How have all the factors above been brought together to estimate a fair value?
  • The analysts have a consensus price target of ₹2003.0 for Automotive Axles based on their expectations of its future earnings growth, profit margins and other risk factors.
  • In order for you to agree with the analyst's consensus, you'd need to believe that by 2028, revenues will be ₹24.7 billion, earnings will come to ₹1.7 billion, and it would be trading on a PE ratio of 26.1x, assuming you use a discount rate of 14.0%.
  • Given the current share price of ₹1558.45, the analyst price target of ₹2003.0 is 22.2% higher.
  • We always encourage you to reach your own conclusions though. So sense check these analyst numbers against your own assumptions and expectations based on your understanding of the business and what you believe is probable.
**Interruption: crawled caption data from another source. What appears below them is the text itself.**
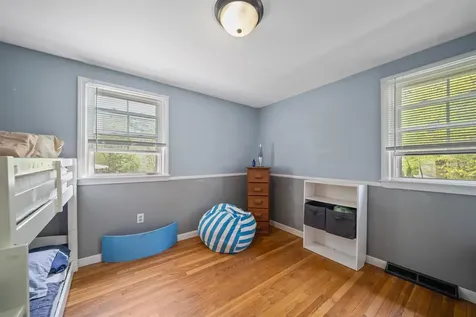 130 Tolend Road Barrington NH 03825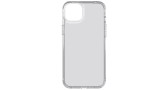 Tech21 Evo Clear Iphone 14 Plus Cover Transparent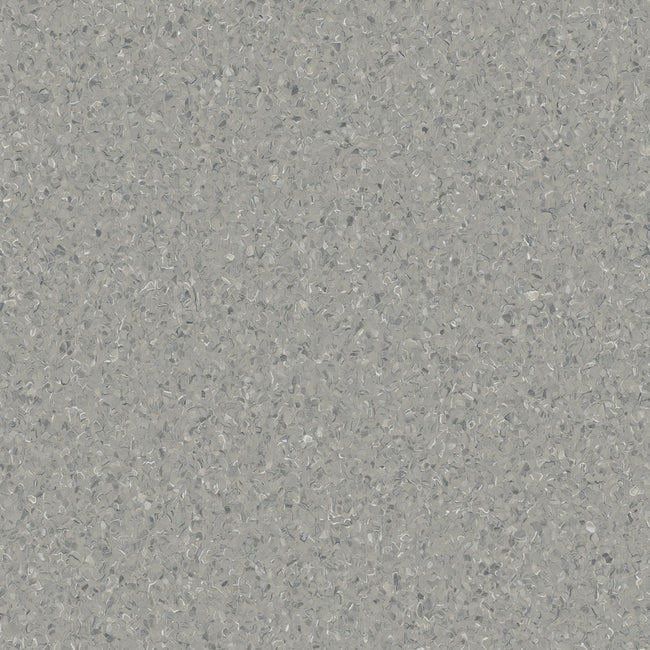 Accolade Foothold Cradle Mountain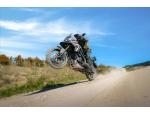 Klikněte pro detailní foto č. 5 - Ostatní MBP T1002VX V-TWIN SKLADEM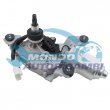 motorino tergicristallo,MOTORI TARGICRISTALLO
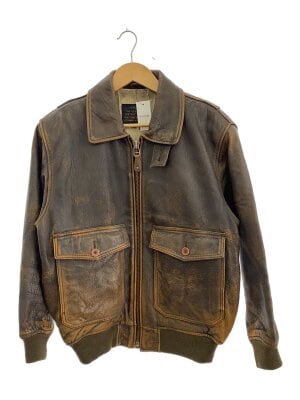 G-1 フライト」に該当する検索結果 | 衣類・家具・家電等の通販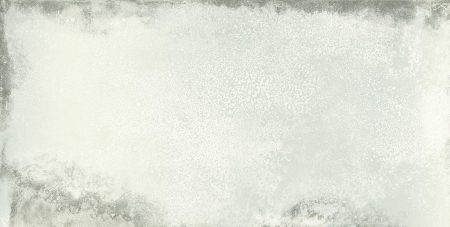 16660230973653-vivabodennarciso30x6030x60perla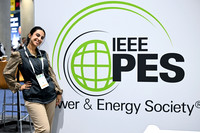 893 IEEE PES Grid Edge 2025 San Diego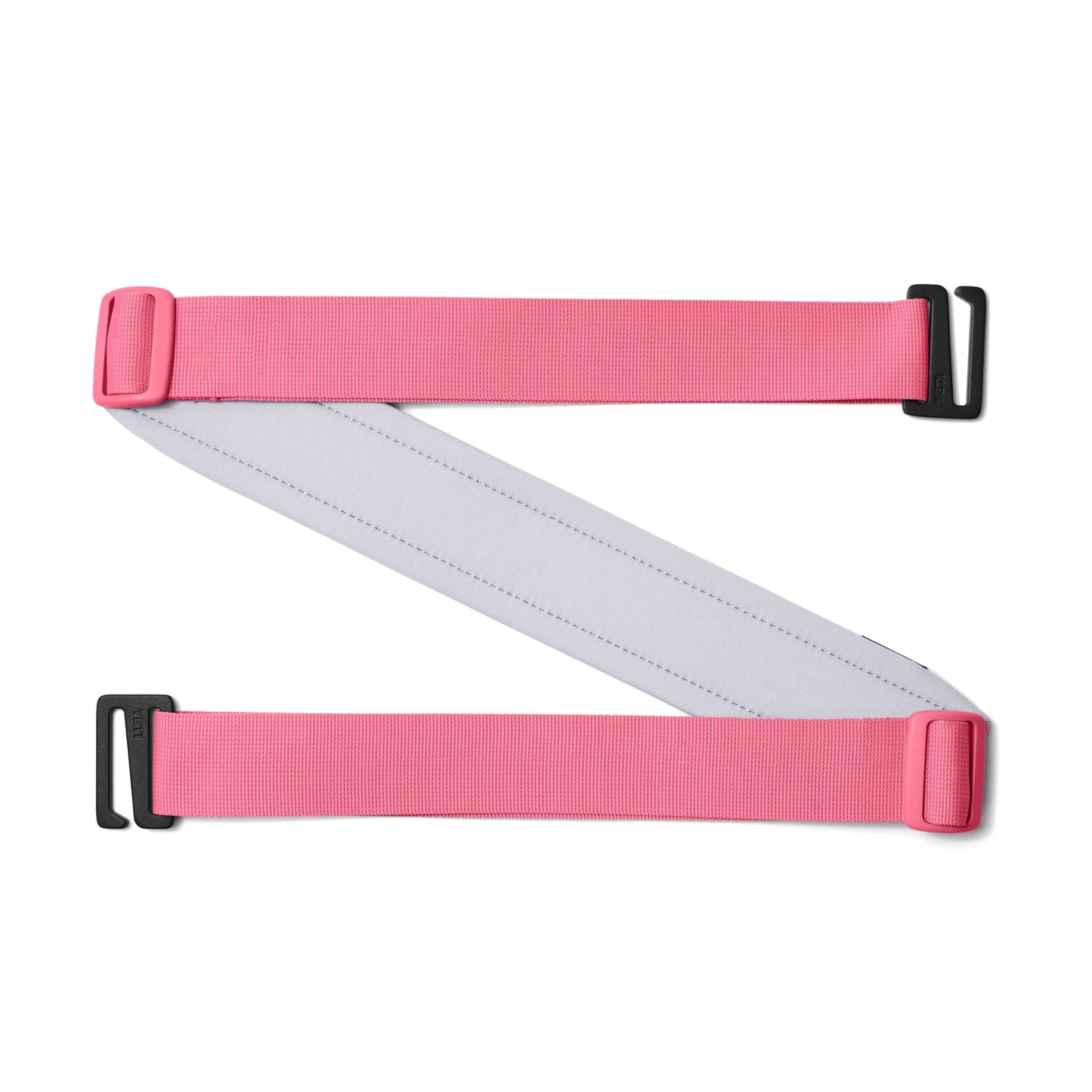 Shoulder Strap - US 4017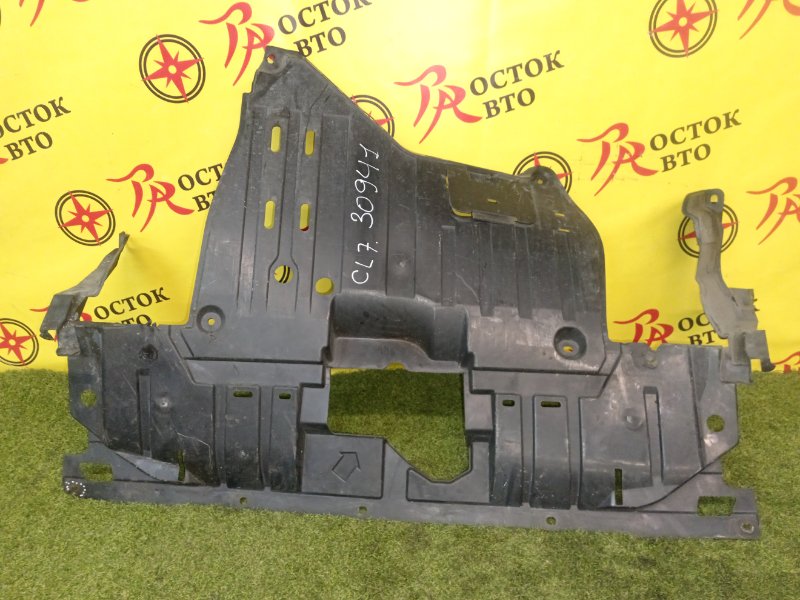 Защита двигателя, 1800 рублей, Красноярск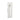 Lámpara de pared con aplique de lavadora VK Leading Light (VK/09023) LED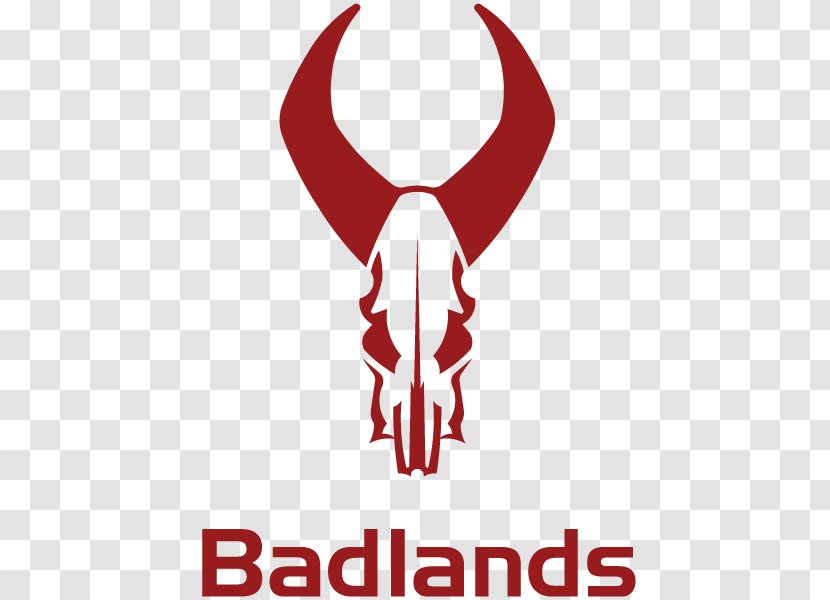 Backpack Badlands Hunting Hydration Pack Discounts And Allowances - Systems - Seo Transparent PNG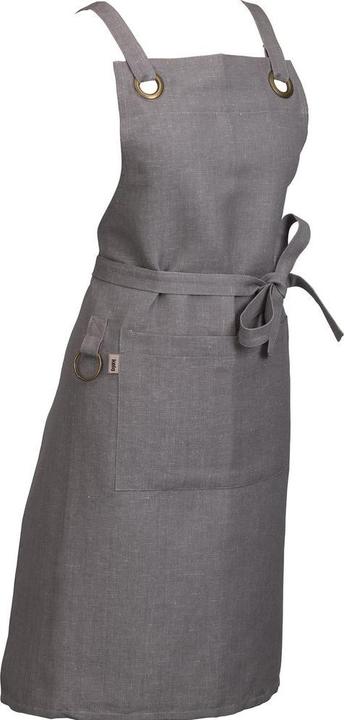 Immagine prodotto Kela Tablier Puro gris (M, S)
How well do narratives help inform your perspective?

Disclaimer

Warren A.I. is a tool utilizing a Large Language Model (LLM) that ingests data on consensus price targets, forecasted revenue and earnings figures, as well as the transcripts of earnings calls to produce qualitative analysis. The narratives produced by Warren A.I. are general in nature and are based solely on analyst data and publicly-available material published by the respective companies. These scenarios are not indicative of the company's future performance and are exploratory in nature. Simply Wall St has no position in the company(s) mentioned. Simply Wall St may provide the securities issuer or related entities with website advertising services for a fee, on an arm's length basis. These relationships have no impact on the way we conduct our business, the content we host, or how our content is served to users. The price targets and estimates used are consensus data, and do not constitute a recommendation to buy or sell any stock, and they do not take account of your objectives, or your financial situation. Note that Warren A.I.'s analysis may not factor in the latest price-sensitive company announcements or qualitative material.